→ What the task requires: Using the entries that follow, state how many lines contain "system", with no other words.

Task data START

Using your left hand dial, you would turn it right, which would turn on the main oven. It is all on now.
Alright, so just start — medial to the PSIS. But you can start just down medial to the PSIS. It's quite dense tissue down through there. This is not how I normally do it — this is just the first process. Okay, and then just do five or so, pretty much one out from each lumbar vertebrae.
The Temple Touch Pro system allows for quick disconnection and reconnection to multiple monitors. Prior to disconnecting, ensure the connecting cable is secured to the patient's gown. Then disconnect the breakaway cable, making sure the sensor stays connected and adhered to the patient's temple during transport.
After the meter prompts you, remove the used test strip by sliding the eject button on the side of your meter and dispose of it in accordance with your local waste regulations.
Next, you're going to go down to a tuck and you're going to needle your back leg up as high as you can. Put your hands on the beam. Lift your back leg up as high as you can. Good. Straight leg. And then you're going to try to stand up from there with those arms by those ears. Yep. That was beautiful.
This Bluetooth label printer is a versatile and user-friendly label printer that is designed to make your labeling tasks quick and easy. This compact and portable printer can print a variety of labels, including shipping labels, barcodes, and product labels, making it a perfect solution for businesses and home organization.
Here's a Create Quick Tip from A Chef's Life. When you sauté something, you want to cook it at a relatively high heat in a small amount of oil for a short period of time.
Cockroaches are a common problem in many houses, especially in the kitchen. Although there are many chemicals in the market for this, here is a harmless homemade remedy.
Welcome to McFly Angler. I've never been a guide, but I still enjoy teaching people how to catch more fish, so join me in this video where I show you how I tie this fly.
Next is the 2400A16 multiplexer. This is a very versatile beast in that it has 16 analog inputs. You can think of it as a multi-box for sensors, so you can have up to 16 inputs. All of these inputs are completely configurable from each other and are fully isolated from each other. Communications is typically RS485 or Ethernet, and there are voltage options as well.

Task data END
Task data START

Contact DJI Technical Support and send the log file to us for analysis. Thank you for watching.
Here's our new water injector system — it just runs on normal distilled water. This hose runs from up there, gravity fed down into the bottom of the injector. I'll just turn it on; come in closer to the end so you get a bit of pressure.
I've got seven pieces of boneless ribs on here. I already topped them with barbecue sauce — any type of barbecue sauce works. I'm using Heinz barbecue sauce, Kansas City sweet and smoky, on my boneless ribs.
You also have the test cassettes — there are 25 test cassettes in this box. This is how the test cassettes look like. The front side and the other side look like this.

Task data END
Task data START

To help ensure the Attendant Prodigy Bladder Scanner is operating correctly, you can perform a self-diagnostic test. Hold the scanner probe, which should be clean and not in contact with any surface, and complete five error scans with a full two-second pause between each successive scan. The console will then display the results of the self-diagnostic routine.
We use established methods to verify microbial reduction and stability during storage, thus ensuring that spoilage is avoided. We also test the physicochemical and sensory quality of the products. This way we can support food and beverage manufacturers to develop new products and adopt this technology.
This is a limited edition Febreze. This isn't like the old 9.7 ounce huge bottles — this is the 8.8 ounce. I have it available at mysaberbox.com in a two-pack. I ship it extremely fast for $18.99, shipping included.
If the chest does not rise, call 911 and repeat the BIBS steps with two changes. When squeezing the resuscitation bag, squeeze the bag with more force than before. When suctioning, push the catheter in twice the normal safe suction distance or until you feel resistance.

Task data END

→ Answer below: 2